Немного погодя Эрленд сказал:
– Я поклялся Богом и моей христианской верой, прежде чем я похитил ее честь, что никогда у меня не будет другой жены, а она обещала, что не возьмет другого мужа, пока мы живем на земле. Сам ты говорил, Гюннюльф, что тогда брак свершен перед Господом: тот, кто после вступит в другой брак, в глазах его станет жить в блуде. Но раз так, не было распутством то, что Кристин стала моей…
– Не то грех, что ты жил с нею, – сказал священник, помолчав. – Если бы это могло произойти так, чтобы ты не нарушил другого права. Но ты вовлек ее в греховное восстание против всех, кого Бог поставил над этим ребенком, и под конец навлек на нее кровавый грех. И ведь в тот раз, когда мы говорили об этом, я сказал и другое: для того церковь установила законы о браке, чтобы могло быть оглашение и чтобы мы, священство, не могли бы венчать против воли родных. – Он опустился на землю, сложил руки на одном колене и вперил неподвижный взгляд вдаль, через освещенный по-летнему поселок, где маленькое озерко отливало синевой в глубине долины.
– Тебе следовало бы самому знать, Эрленд: густые заросли терновника и крапивы насадил ты вокруг себя… Как же мог ты привлечь к себе молодую девушку так, чтобы она не ободралась в кровь и не причинила себе ран?..
– Ты стоял за меня не один раз, брат, в те дни; когда я жил с Элиной, – тихо промолвил Эрленд. – Я никогда не забуду тебе этого…
– Пожалуй, едва ли бы я это сделал, – отвечал Гюннюльф, и голос его задрожал, – если бы мог подумать, что ты не пожалеешь чистой и достойной девушки – ребенка по сравнению с тобой!
Эрленд не отвечал. Гюннюльф спросил тихо;
– Тогда, в Осло… Задумывался ли ты когда-нибудь над тем, что станется с Кристин, если она окажется с ребенком… еще когда она жила в монастыре? И была нареченной невестой другого… А ее отец – гордый и дорожащий своею честью человек… Все ее родичи – люди знатного происхождения, непривычные переносить срам…
– Поверь, я задумывался над этим… – Эрленд отвернулся. – Мюнан пообещал поддержать Кристин… Я об этом ей тоже говорил…
– Мюнан! Как у тебя хватило духу беседовать с таким человеком, как Мюнан, о чести Кристин?
– Он не такой, как ты думаешь, – отрезал Эрленд.
– А тут еще наша родственница фру Катрин.
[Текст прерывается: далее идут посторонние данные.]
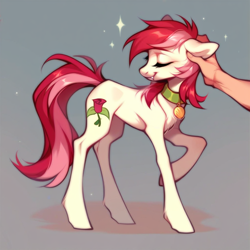 Size: 1024x1024 | Tagged: safe, imported from derpibooru, roseluck, human, pony, ai content, ai generated, behaving like a cat, collar, cute, eyes closed, fangs, fluffy, generator:purplesmart.ai, generator:stable diffusion, hand, human on pony petting, offscreen character, offscreen human, pet tag, petting, pony pet, prompter:doom9454, rosepet, standing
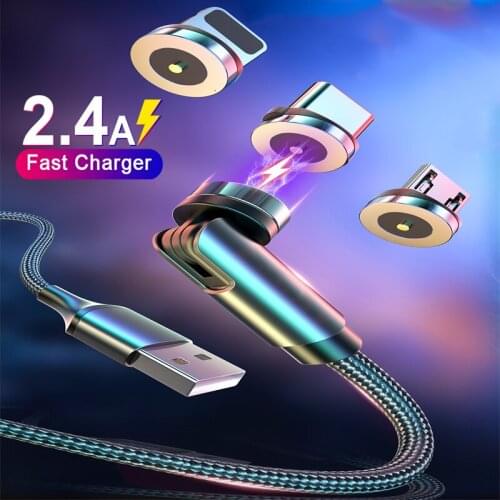 540 Degree Rotate Magnetic Cable micro USB Type C Charging For iPhone huawei Xiaomi Cable Fast Charging Magnet Charger data cord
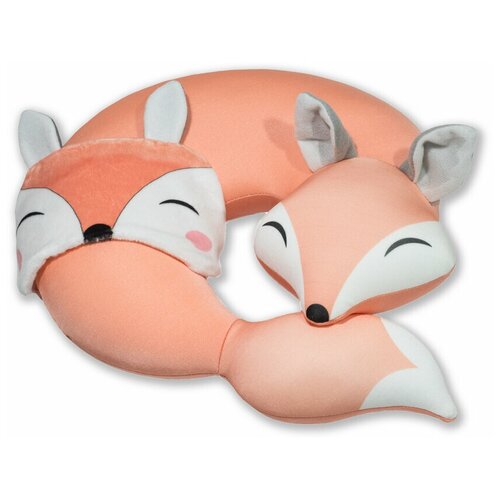 фото Подушка для шеи антистресс с маской для сна штучки, к которым тянутся ручки "спящая лиса", оранжевая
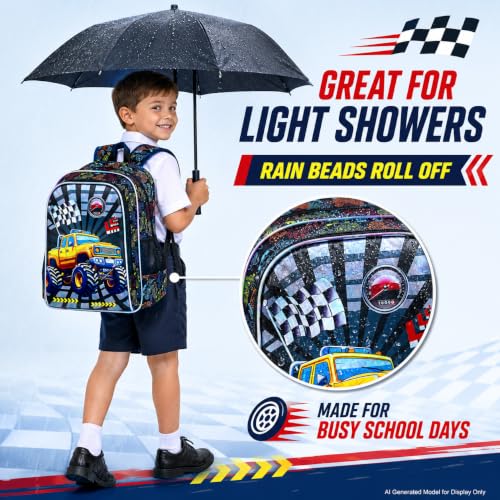 Image of HPJGD 3PCS Boys Truck Backpack Set, Water Resistant Kids Bookbag with Lunch Box, Cool School Bag for Preschool Toddler - Yellow Truck
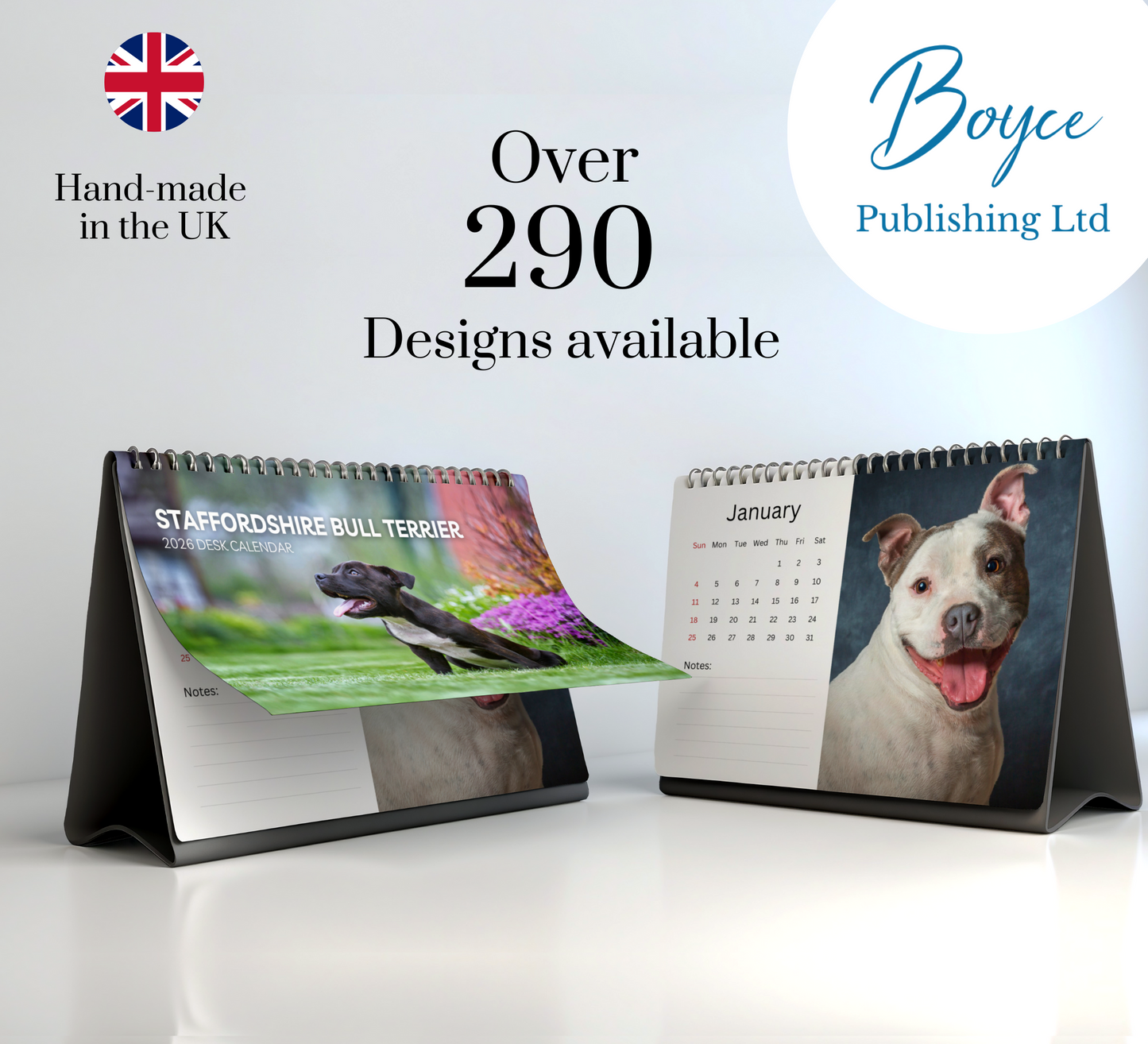 Staffordshire Bull Terrier Desk Calendar 2026-2027
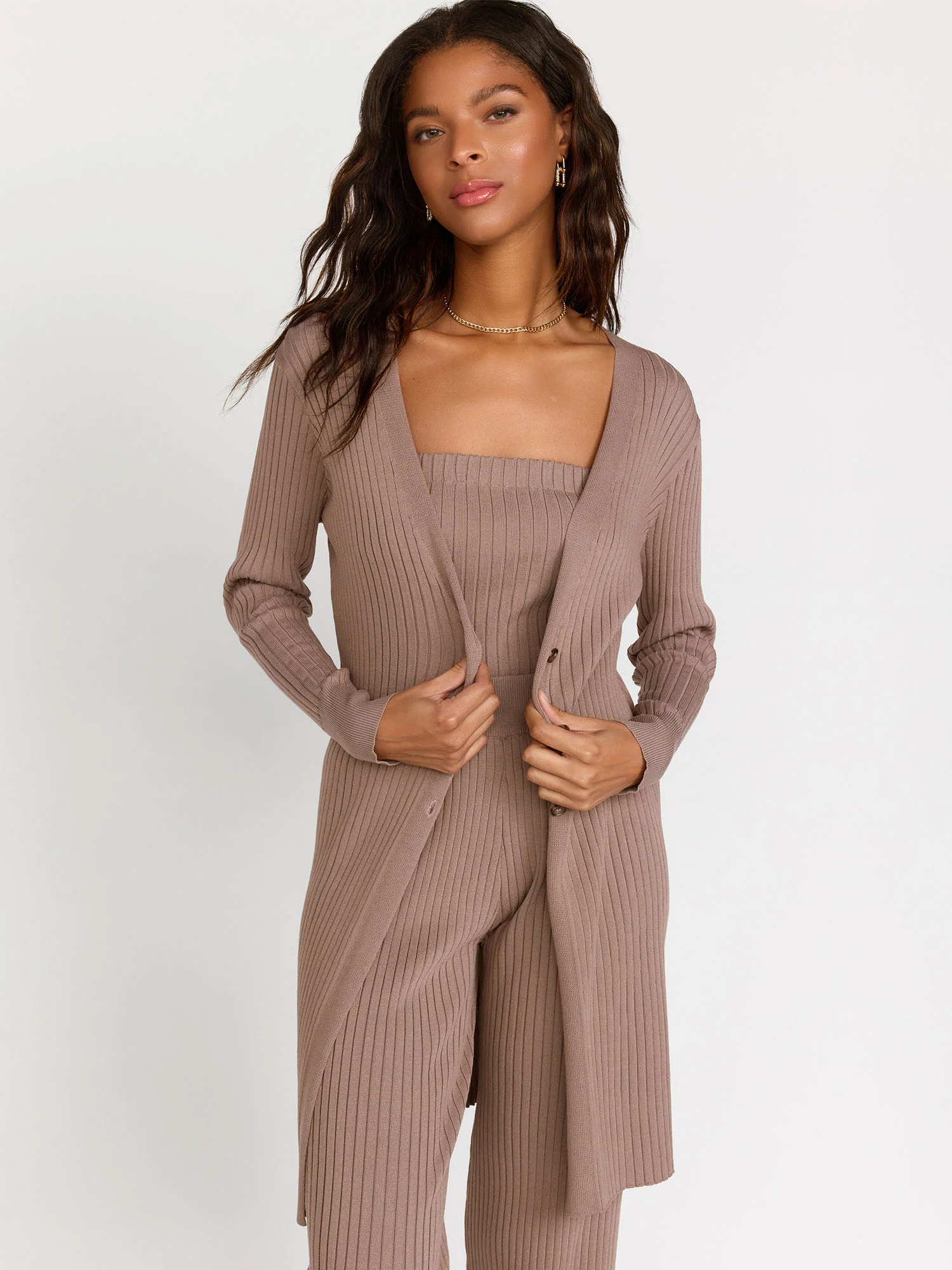 Listicle Long-Sleeve Rib Knit 3-Button Cardigan, Brown - Brands We Love - Image 2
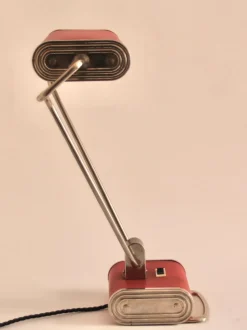 Clearance Pamono Art Deco French Red Chrome Table Lamp by Eileen Gray for Jumo, 1940s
Ведь не собирались же вы везти Кристин в какую-нибудь из его усадеб, где живут его любовницы…
Эрленд ударил кулаком по земле так, что разбил в кровь суставы пальцев.
– Сам дьявол заботится о муже, когда жена ходит исповедоваться к его брату!
– Она мне не исповедовалась, – сказал священник, – да я и не духовник ее. Она жаловалась мне в своем горьком страхе и терзании… А я пытался помочь ей и преподать ей такой совет и такое утешение, которые казались мне наилучшими.
– Ну хорошо! – Эрленд вскинул голову и взглянул на брата. – Я сам знаю… Я не должен был делать этого… Позволять ей приходить ко мне в дом Брюнхильд…
Священник некоторое время сидел онемев.
– В дом Брюнхильд Мухи?..
– Да! Разве она не говорила тебе этого, раз уж рассказывала все?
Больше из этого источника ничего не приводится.